A Guide to Your Digital World: Anshar
Good evening fans and followers! Our previous posts introduced new game mechanics, gave you a starting campaign with which you can learn the rules of Digimon: Encounters, and also provided you all with the core rule book needed for play so that you have those rules at the ready. Now let us begin to introduce you to the world of Digimon: Encounters. While there are snippits here and there within the core book, it doesn't provide a lot of detailed information. So the following will be the first in a series of gazetteer-type posts (to be scattered throughout our production updates) so that you can familiarize yourself with the universe of Digimon: Encounters. We would like to begin with a brief history of Anshar.
Anshar: Home of the Imperial Palace
The Imperial Palace in Anshar
Proper dates back to the ancient Digital World’s first Emperors. Back then,
Anshar was the only plane in the Digital World, and was divided into forty-four
sub districts. The capital, District One, was the city proper and eventually
became what we know as Anshar today. Additionally, Anshar’s desert area was
much smaller than it is in present times. In fact, many districts included vast
tracts of farmland and lake country. The mining operations in the city of
Le’ore (Lee-or) also made District Twelve a cultural landmark in the Ancient
Digital World. The central desert provided District One with a natural means of
protection. Scattered villages and oases gave rise to trade routs from District
One to the outskirts of the Digital World.
The palace was constructed as a
seat of power for imperial rule, and by edict, was to be the tallest building
in the city. The structure of the palace is built around a central pillar. From
there, four observation platforms descend in sequence to the base of the tower.
This allowed a three hundred and sixty degree view of the surrounding terrain.

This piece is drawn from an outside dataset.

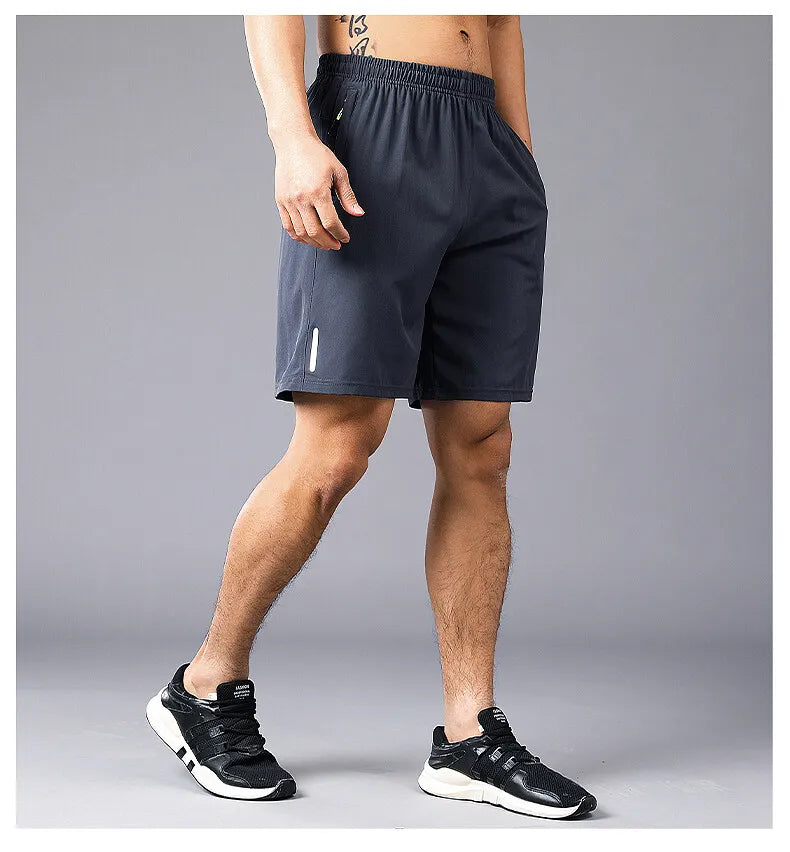 Summer Sports Shorts Men Sweatshorts Quick Dry Running Gym Beach Jogging Bottoms Men Fitness Training Pocket Zipper Shorts Pants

Later Emperors supplemented the tower with other improvements, including a
defensive wall just preceding the Clan Wars (see Chapter I of the core rule
book). Records from the time period are nonexistent, but ruins of the original
wall suggest that it was made from solid granite blocks ten meters or more in
height and five meters thick.
During the Clan Wars and Golden
Age, further expansions were made to both the Digital World and on the Imperial
Residence. Support columns were added to the observation platforms attached to
the main structure. Later, during the Golden Age when the Digital World had ben
unified, the palace was further expanded adding several wings radiating out
like spokes from the tower. These wings housed servants, guards, guests and the
Imperial Treasury for a time.
It was when the Enemy came to
power that the palace saw its final phase of construction. The Enemy dismantled
the original defensive wall and ordered the construction of a more solid
structure. The new wall was also constructed of granite, but was reinforced with
steel digi-chrome inside. The gates to this wall are made of granite as well,
reinforced with digi-chrome, and are powered by two massive motors housed
within the ramparts of the wall. In addition, multiple out-buildings were added
to the courtyard to house garrisons of troops, food stores, and ammunition.

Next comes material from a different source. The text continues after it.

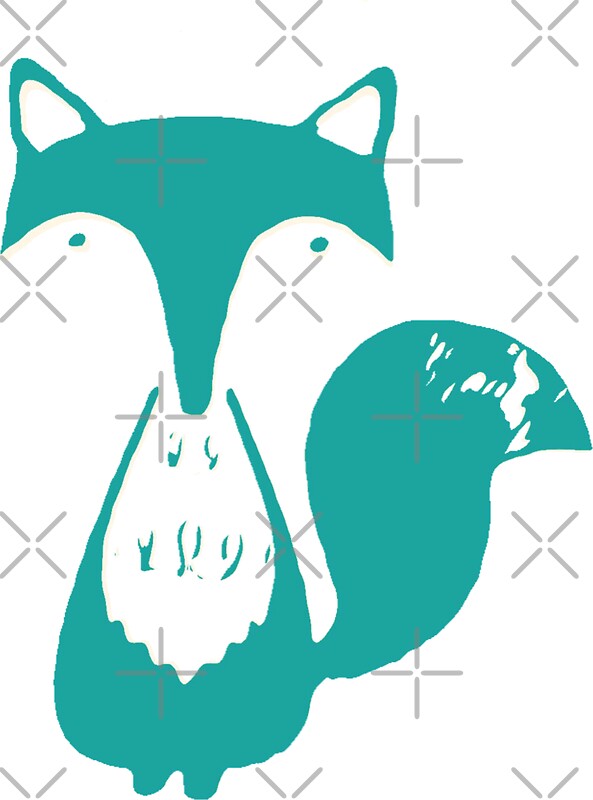 Monsieur Fox Teal Stickers By Racheltilley Redbubble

In the present, the palace was
only used as the imperial residence for a short time before it was demolished
in an assassination attempt by one of the Enemy’s agents. During
reconstruction, the Emperor was moved to the city of Terra Prime for his
safety, and the capital remains there to this day. The palace, now
reconstructed, houses the Sovereign of Anshar, Azulongmon, as well as the new
archives for the Empire. Guests and members of the public are allowed admittance
to the building and tour the archives.